Kutarajapost – Sebanyak 29 nelayan asal Aceh yang tertangkap oleh Angkatan Laut Thailand karena melintasi batas wilayah Indonesia beberapa waktu lalu, didenda. Setiap anak buah kapal (ABK) dikenai denda sebesar 3.000 hingga 5.000 bath, setara dengan sekitar Rp2,1 juta.
Kepala Dinas Kelautan dan Perikanan (DKP) Aceh, Aliman mengatakan, denda yang dijatuhkan kepada para nelayan tersebut jumlah bervariasi tergantung pada peran dan posisi masing-masing ABK dalam kapal.

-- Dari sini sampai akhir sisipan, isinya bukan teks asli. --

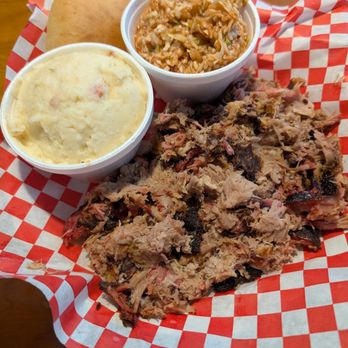 JDs Smokehouse - Pork with red slaw and loaded potato casserole. - Barbeque Near Me - Rutherford College, North Carolina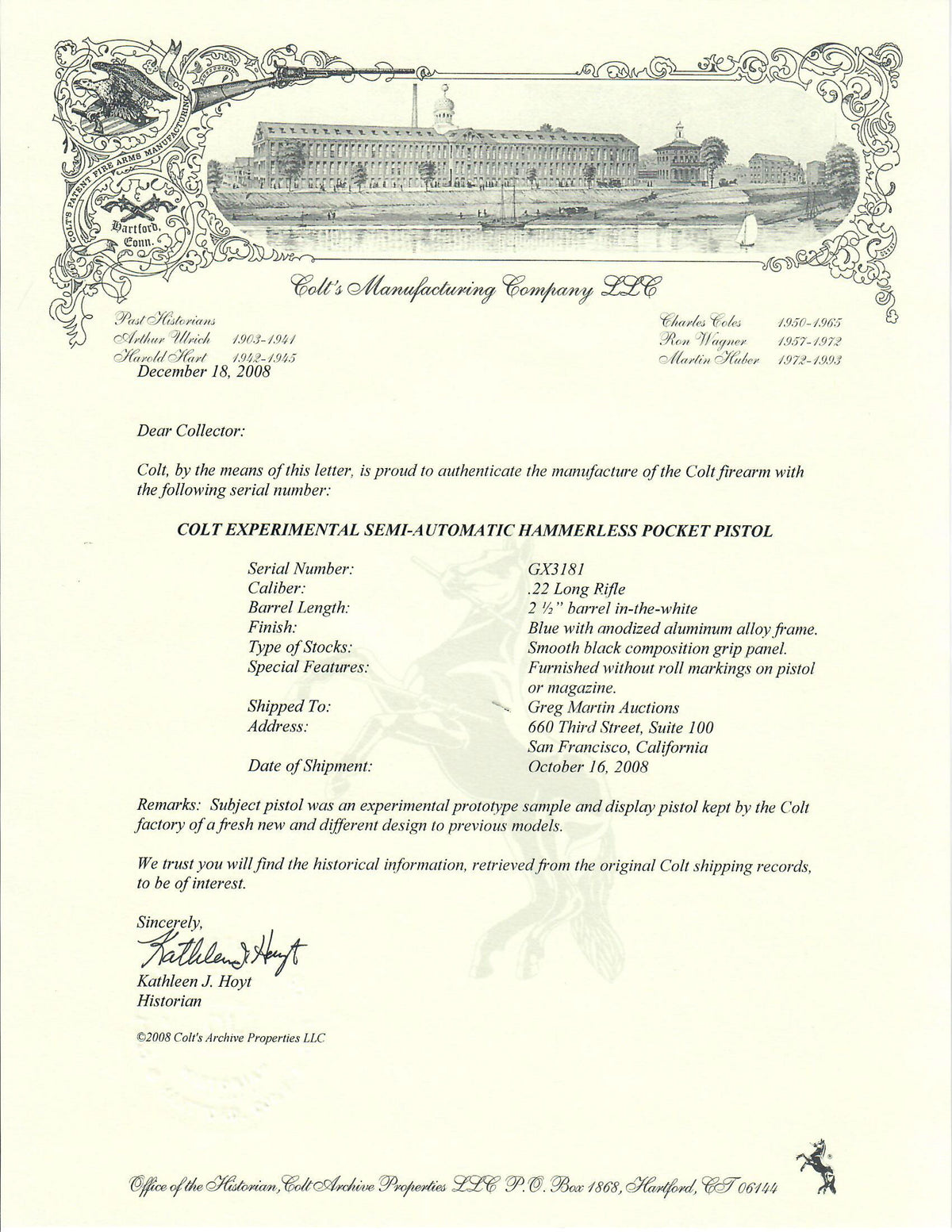 Colt Pocket Experimental Prototype 22LR SN:GX-3181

“Berdasarkan putusan sidang oleh otoritas Thailand, mereka didenda 3.000-5.000 bath per ABK,” kata Aliman, Kamis (31/8/2023).
Menurut Aliman, denda yang dijatuhkan kepada para nelayan tersebut berbeda-beda, sesuai dengan peran dan posisi masing-masing ABK. Rinciannya belum disampaikan oleh pihak Thailand.
“Sejauh ini kami baru mendapatkan informasi dari yang mengikuti sidang. Kalau salinan keputusan resmi belum diberikan kepada pemerintah Indonesia,” ujarnya.
Sebelumnya, dua kapal pukat ikan dengan 29 orang nelayan asal Aceh tertangkap angkatan laut atau petugas penjaga pantai di Thailand, karena diduga telah memasuki batas teritorial laut negara tersebut, Sabtu (26/82023).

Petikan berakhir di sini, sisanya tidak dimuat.